TLDR; Adventure is availble to download here, for Microsoft BASIC on the RC2014.

RC2014 Classic II

Russia is conducting a war against Ukraine.

Spencer Owen sold special editions of their RC2014 kits in Ukrainian colours, and donated 50% of the sales to Ukrainian humanitarian efforts (these kits are not cheap to produce).

In a dark world, this is a good thing. Thank you.

The RC2014 is a very neat Z80 based modular kit computer. Modules come on slot cards that you attach to a backplane. The Classic II kit comes with RAM, BASIC ROM, Z80 CPU, Clock and Serial I/O. Instructions are excellent, and components are packed well. I put my kit together in two slightly-extended lunch breaks. If you’ve had any experience soldering mid-sized through-hole kits, you’ll have no trouble here.

Not included with this kit is either a power adapter or serial cable. An FTDI cable can solve both of those requirements and allow you to communicate and power your kit from a single cable.

To talk to your RC2014, you’re going to need a serial program. I’m using Minicom on both a Raspberry Pi and Windows under WSL1 (see here about WSL2). Once you know the port for your serial interface, you can talk to your RC2014 using:

minicom -b 115200 -D /dev/ttyS8

If nothing appears, don’t worry. Your interface will only display commands as they’re relayed, so press the reset button on your RC2014. You should now see:

Z80 SBC By Grant Searle

Memory top?

RC2014 Hello World

The RC2014 Classic II comes with Microsoft BASIC 4.7 (with modifications by Grant Searle), and a machine code monitor. The BASIC has been adapted from a Nascom 2. I’m mostly familiar with BASIC from the ZX Spectrum and Commodore, I few things I expected were missing - there’s no ELSE statements, there’s no IF/END IF (IF is single line).
But it does contain a host of features that make it surprisingly powerful - single line functions, multi-dimensional arrays, good maths functions, subroutines. The Nascom 2 BASIC manual is a great piece of technical writing.

I wanted to build a game that could operate within the restraints of this BASIC, and this machine. Memory is limited to 32K, output is text only, and no direct screen addressing. Now looked like a good opportunity to write an adventure game.

Since the RC2014 Classic II doesn’t have persistent storage - any code I develop needs to written on a host machine, and then transferred over to the RC2014.

I set up tmux with vim on my left, and Minicom on my right. When I need to update the code on the RC014, I run a “new” to clear the BASIC listing, and then paste the entirely of the code listing in to the Minicom session. If I only need to make a small change, I may only paste the individual block I’m working on.

Since Nascom basic can only accept 72 column lines, I set vim up with a ruler on column 73:

:set colorcolumn=73
:highlight ColourColumn ctermbg=8

Tmux, Minicom And Vim

The adventure game let’s you explore a 250 room dungeon. Your goal is to find all 40 treasures. You might encounter monsters, treasure, or weapons.

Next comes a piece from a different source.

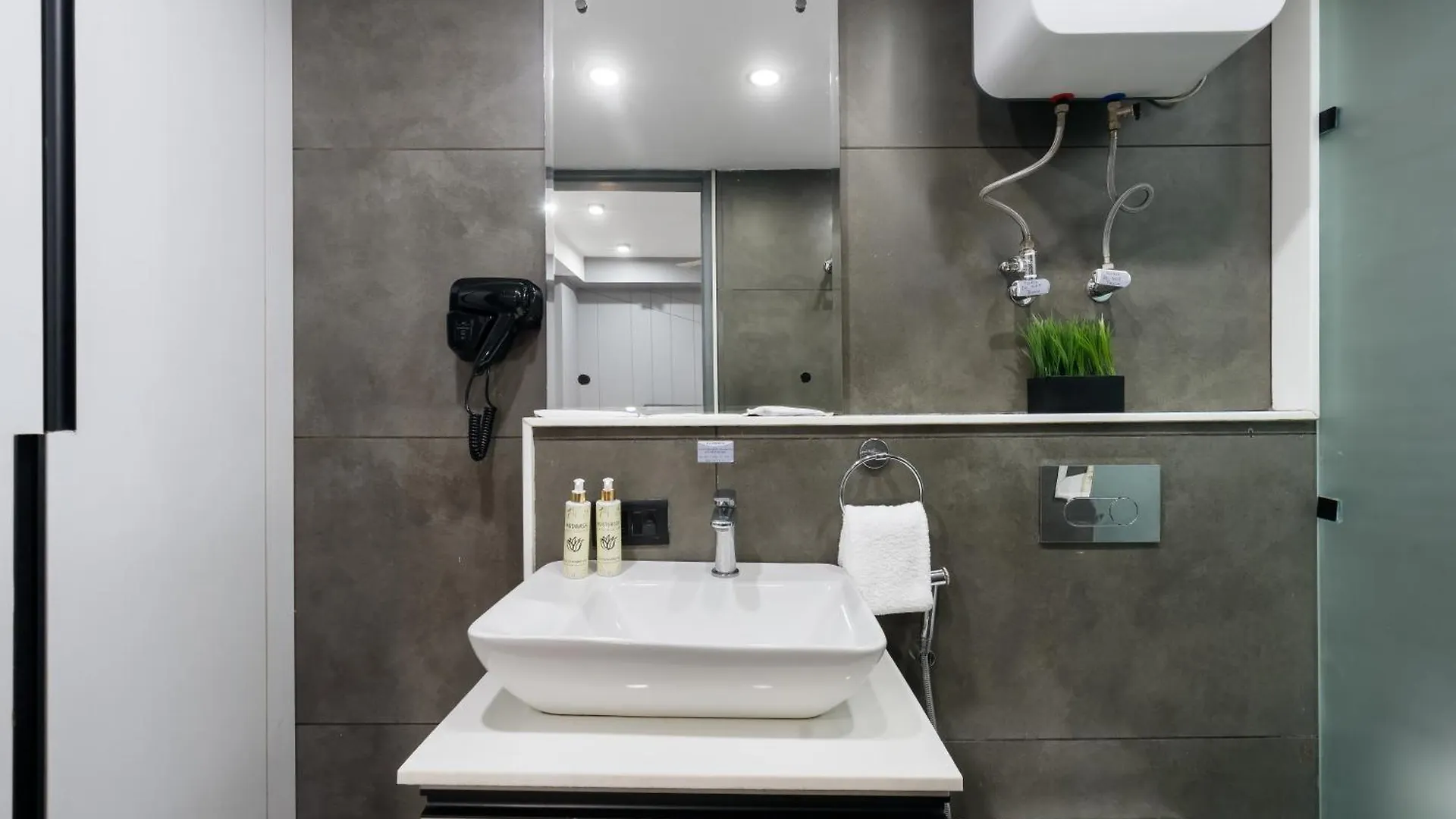 Bedchambers Luxurious Serviced Apartment In غورغاون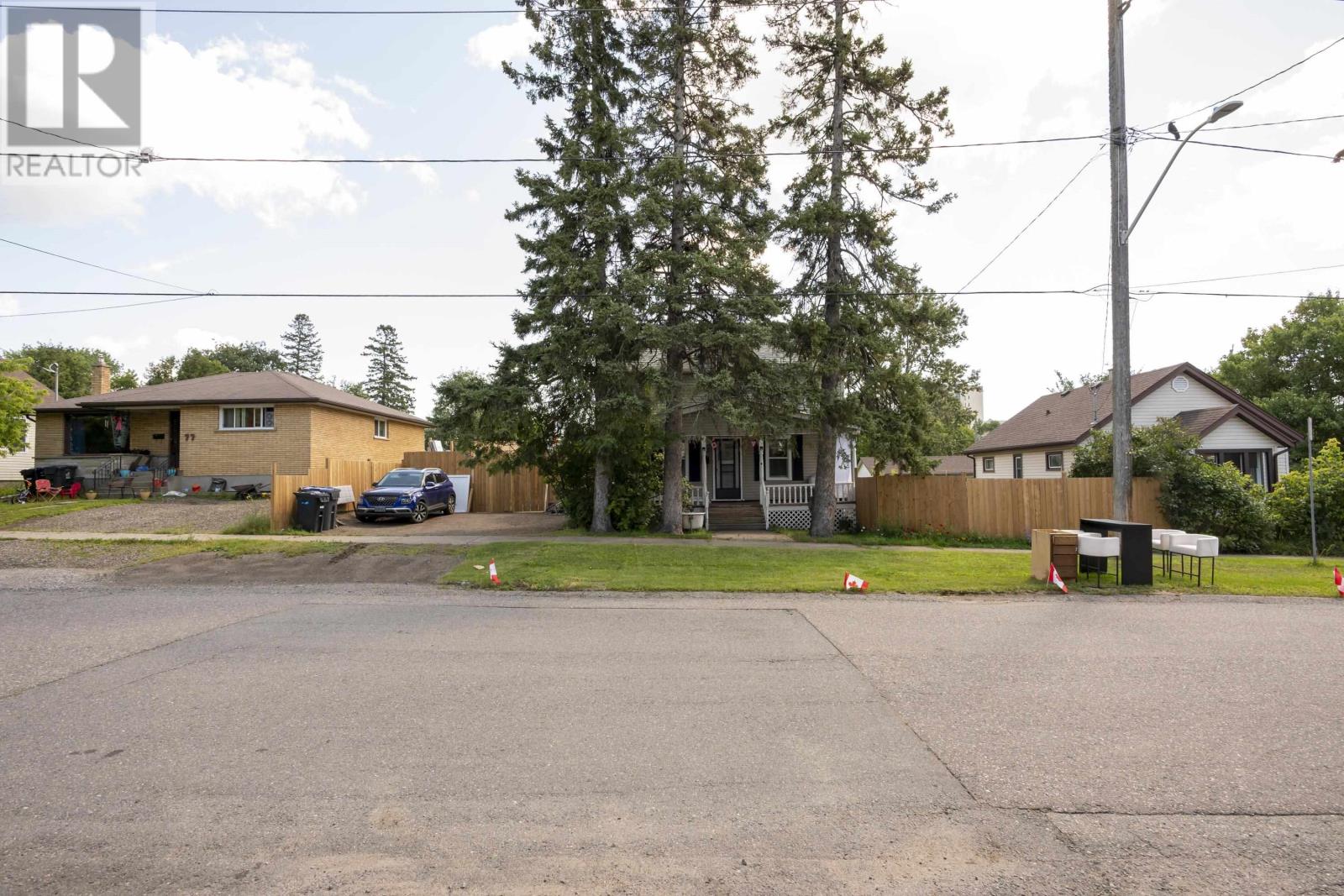 73 Empress Ave N, Thunder Bay, Ontario  P7A 6C2 - Photo 2 - TB2602400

Most of the game mechanics are pretty pedestrian, but building the map was fun.

I wanted to generate the map procedurally, so any two plays were distinct. First job is generating the exits for each cell in the map. We use binary representation for the room exits:

0001 - North (1)
0010 - East  (2)
0100 - South (4)
1000 - West  (8)

Multiple exits are then just additions:

1010 - East & West (6)

Now we have a model for representation, we iterate through each cell in our map.
We first make a random stab of directions we would like to go, by selecting a random number between 1 and 15 (8 + 4 + 2 + 1). This covers all the possible options above.

410 map(i,1) = int((rnd(1) * 15)) + 1 : rem start

We then need to take a look at the cell “north” to this cell, and to the “east” of this cell. If our cell attempts to travel to that cell, but that cell has no way to travel to this cell, then add that exit to the previous cell.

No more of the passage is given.